[EXERCISE]:
Leave out all pictures while you copy the lines exactly from the one with "Le Pen, feminismen och förorten" through the last line of the listing.

↓↓↓

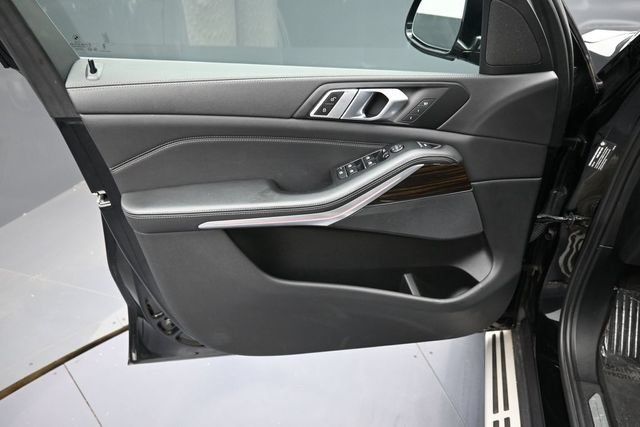 Used 2023 BMW X5 xDrive40i AWD/4WD image 18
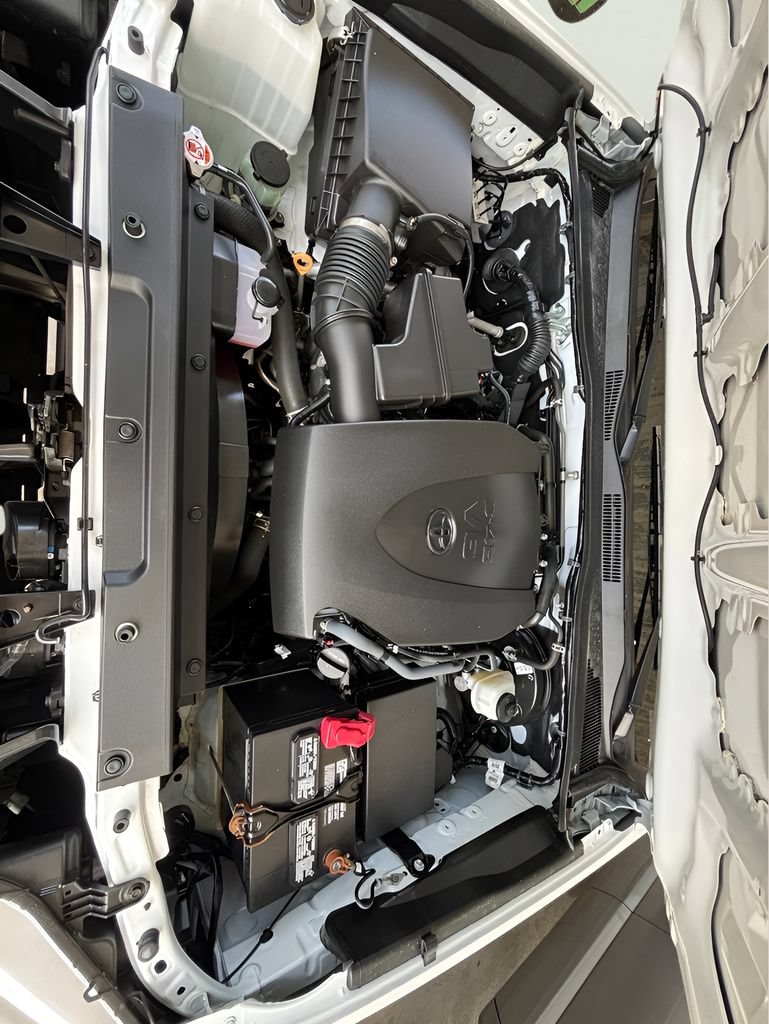 Used 2023 Toyota Tacoma SR5 RWD image 28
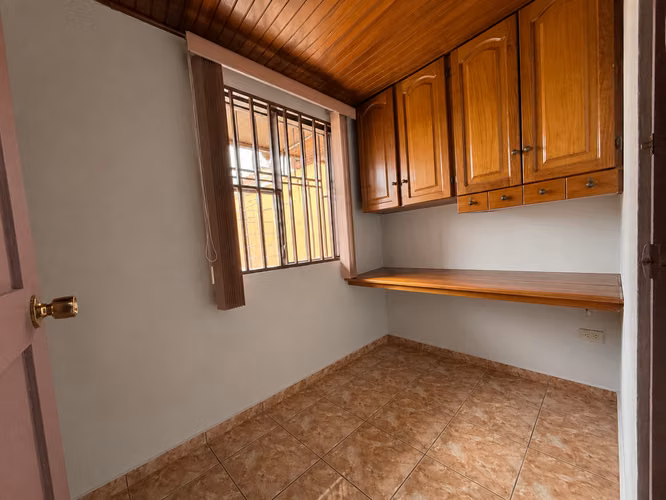 ALQUILER CASA EN COLIMA DE TIBAS CERCA DE TODO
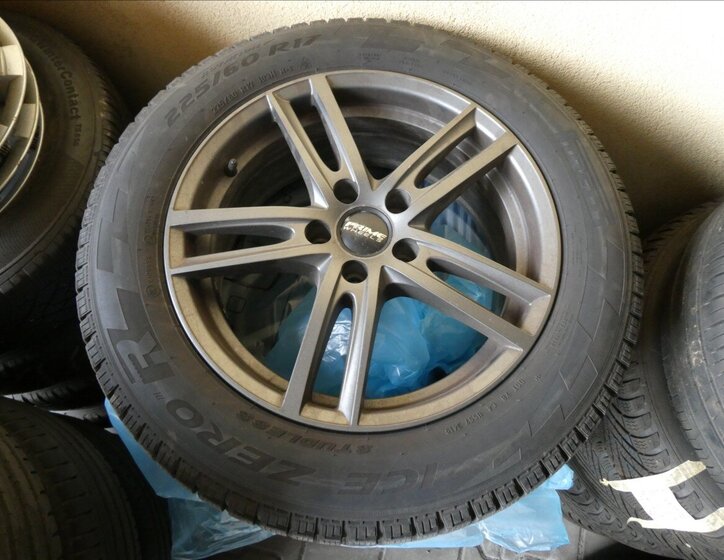 Volkswagen Tiguan SUV / Terénní 2,0 l 140 kw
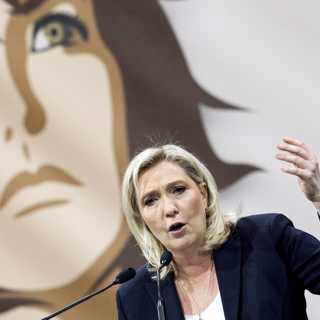 Le Pen, feminismen och förorten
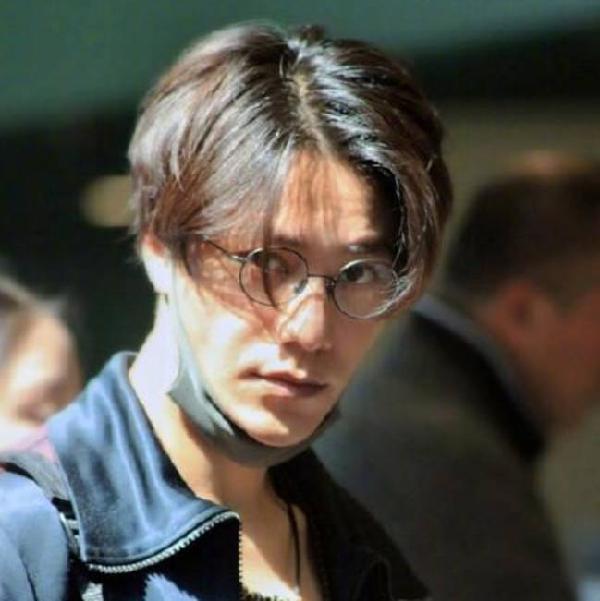 如今41岁的陈坤,颜值更是逆天,改走二次元画风,戴着细框眼镜,中分又有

↑↑↑

[EXERCISE RESULT]:
 Le Pen, feminismen och förorten
 如今41岁的陈坤,颜值更是逆天,改走二次元画风,戴着细框眼镜,中分又有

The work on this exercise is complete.